You can use your LFP battery bank for 5 or 6 times longer than a Li-ion model, and you won’t waste money on replacements.
Cost
The cost per watt-hour of LiFePO4 and Li-ion batteries can vary wildly depending on the manufacturer, market demand, and capacity. LiFePO4 batteries don’t use nickel or cobalt, materials that can fluctuate dramatically in supply and price.
LiFePO4 is still a relatively new battery chemistry, meaning there are fewer manufacturers and less supply, which can make LiFePO4 batteries slightly more expensive Wh for Wh.
However, it is possible to find affordable options for LFP batteries. The EcoFlow RIVER 2 Portable Power Station is one example. With a 256Wh LiFePO4 battery, it costs less than $1 per Wh.
Even if there is a slightly higher cost than comparable Li-ion battery packs, the advantages of LFP outweigh the price difference. Any extra costs go toward added safety, longer lifespan, and other invaluable benefits.
Self-Discharge Rate
LiFePO4 batteries have a self-discharge rate of around 1-3% per month, depending on usage, temperature, and other factors. The low self-discharge rate means you can leave the battery in storage for months.
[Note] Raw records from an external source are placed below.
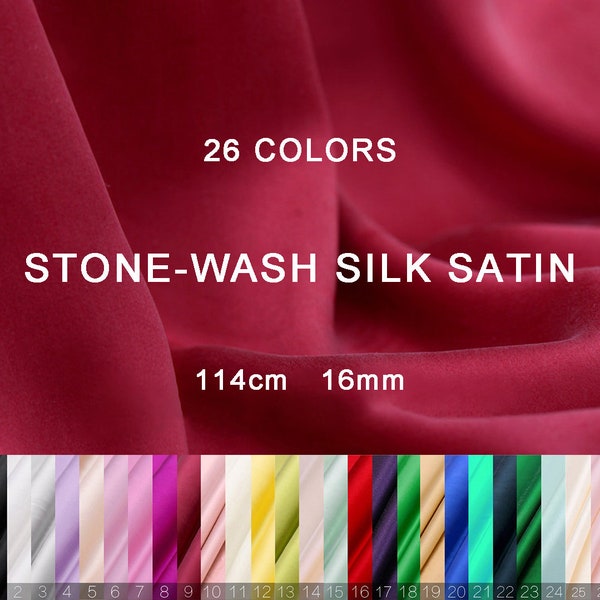 24 Colors Stone-Wash Pure Silk Satin Fabric - 16 Momme silk charmeuse 114cm wide by the Yard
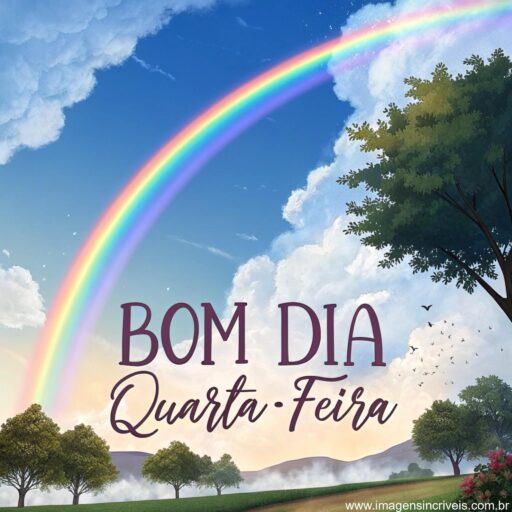 Imagem de um arco-íris brilhante em um céu azul claro com nuvens fofas e o texto ‘Bom Dia Quarta-feira’.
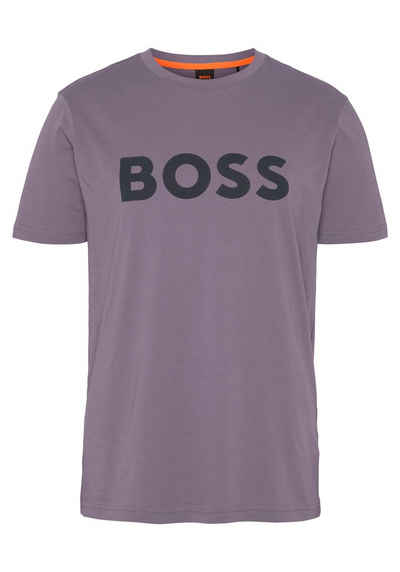 BOSS ORANGE T-Shirt Thinking 1 10246016 01 mit großem BOSS Druck auf der Brust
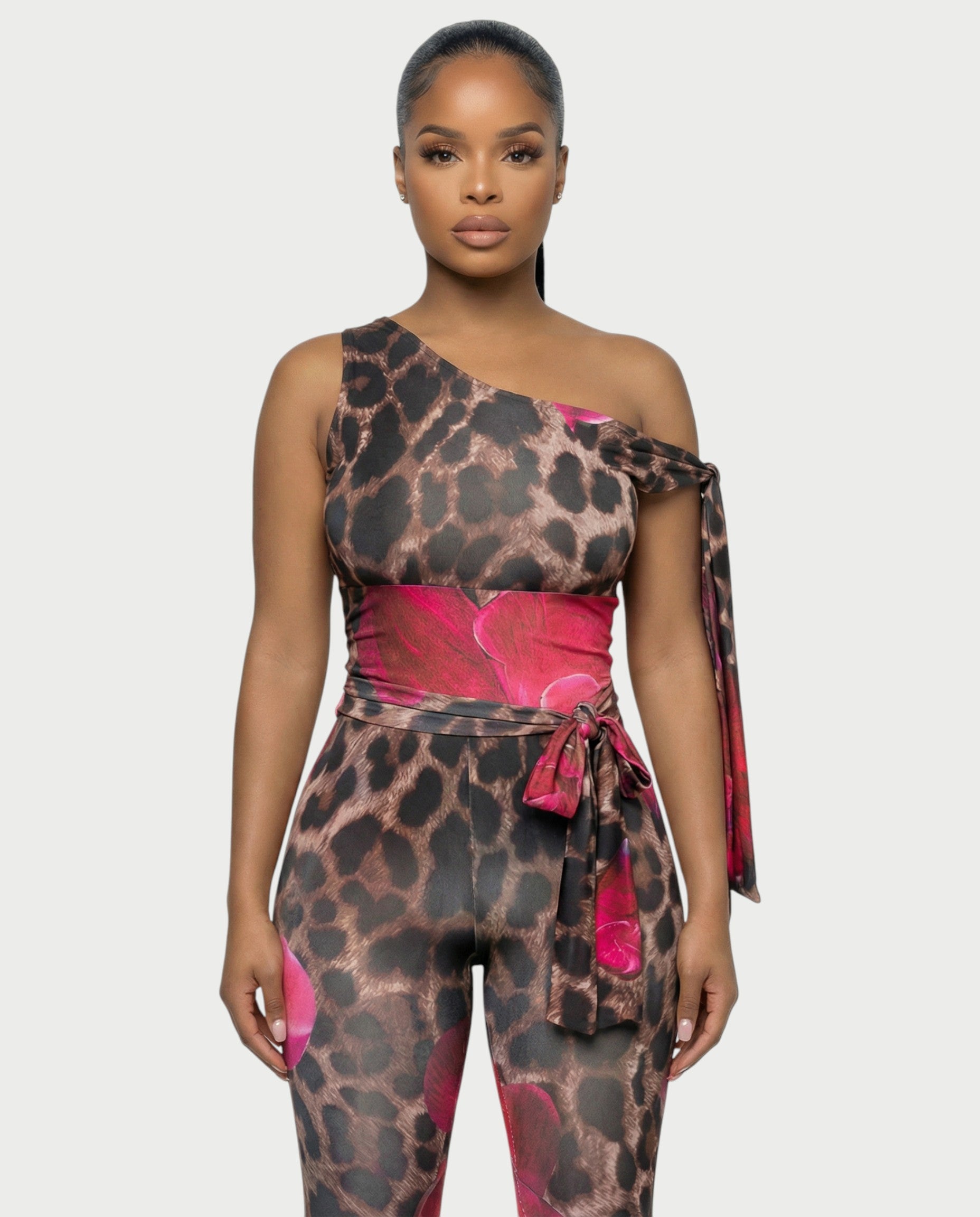 LUJILLE One-Shoulder Floral Leopard Jumpsuit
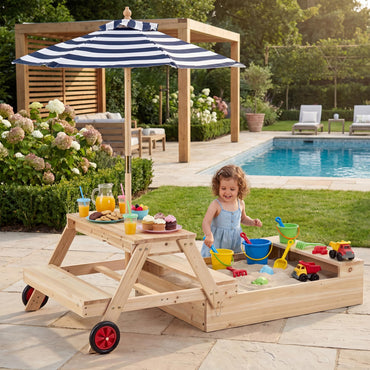 Kids Picnic Table with Sandbox, Wooden Children Garden Table and Bench Set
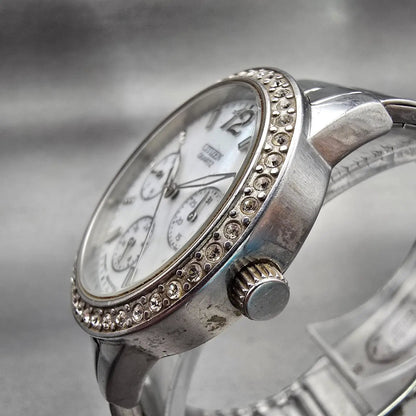 Citizen Watch Women 35mm MOP Dial Silver Tone Gemmed 6329-S081289 New Battery2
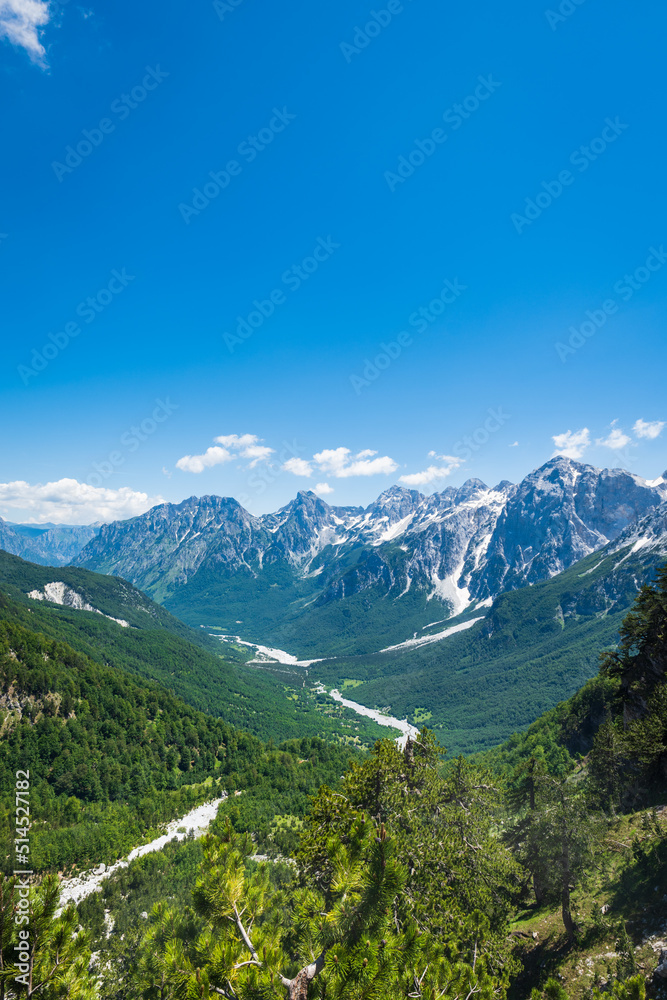 Albanian Alps view. Accursed Mountains landscape viewed from Valbona and Theth hiking trail in Albania, popular hiking trail in the Albanian Alps.
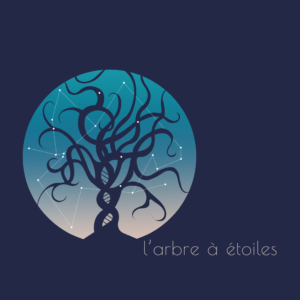 graphisme spirituel, logo, spirituel, graphisme, channeling, tree, stars, constellation familiale, systémique, roots, links, connection, canalisation, family, dna, adn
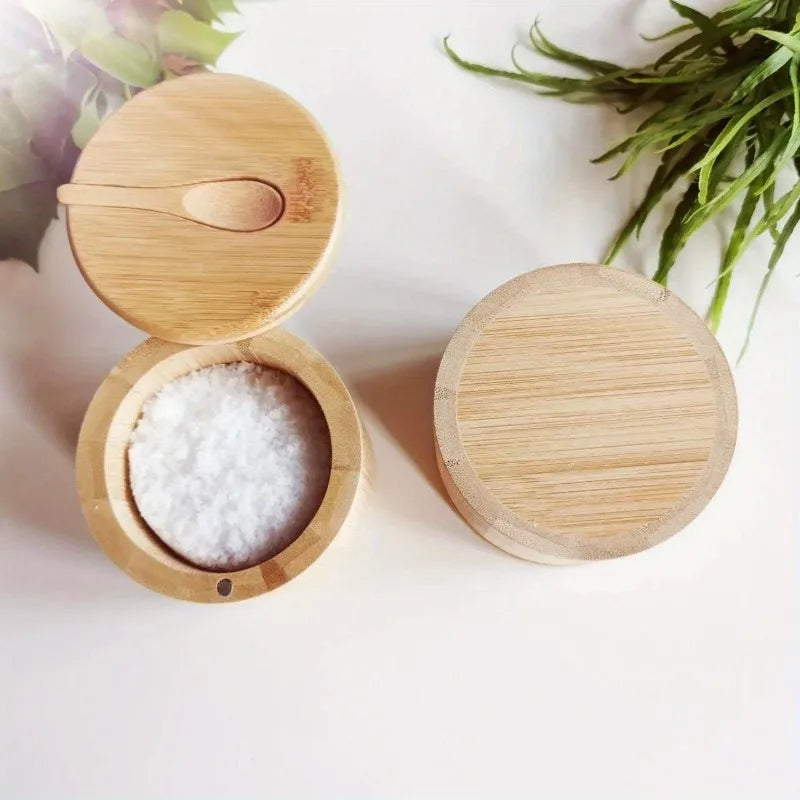 Salt Seasoning Jars Pepper Jar Bamboo Condiment Box Bowl Storage Pot Set Wood Sugar Container Holder Lid Function Multi Bowls Zpaxo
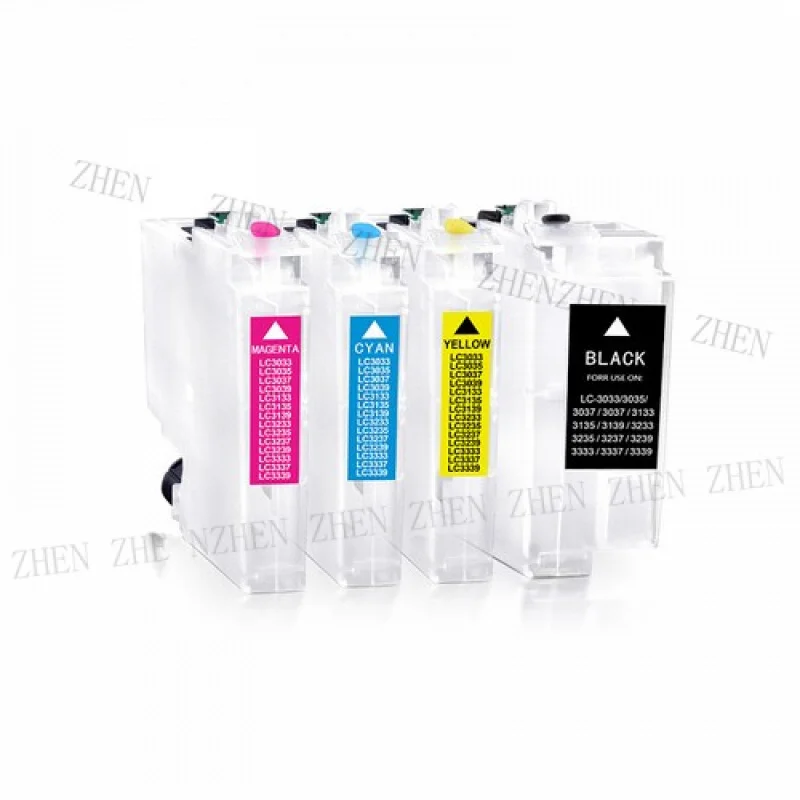 Y 4Color/set LC3233 Refillable Ink Cartridge for Brother DCP-J1100DW MFC-J1300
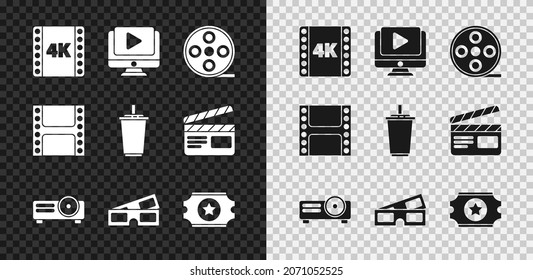 Set 4k movie, tape, frame, Online play video, Film reel, Movie, film, media projector, 3D cinema glasses, Cinema ticket, Play Video and Paper with water icon. Vector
It will still supply substantial power even after a period of disuse.
To follow best practices, top off your battery at least every few months to keep it optimized for use.
Voltage
LiFePO4 batteries have a lower nominal voltage than Li-ion batteries, typically around 3.2V per cell, compared to 3.6V to 3.7V per cell for Li-ion batteries.
The voltage can impact the design of battery packs and the voltage requirements of devices that use them.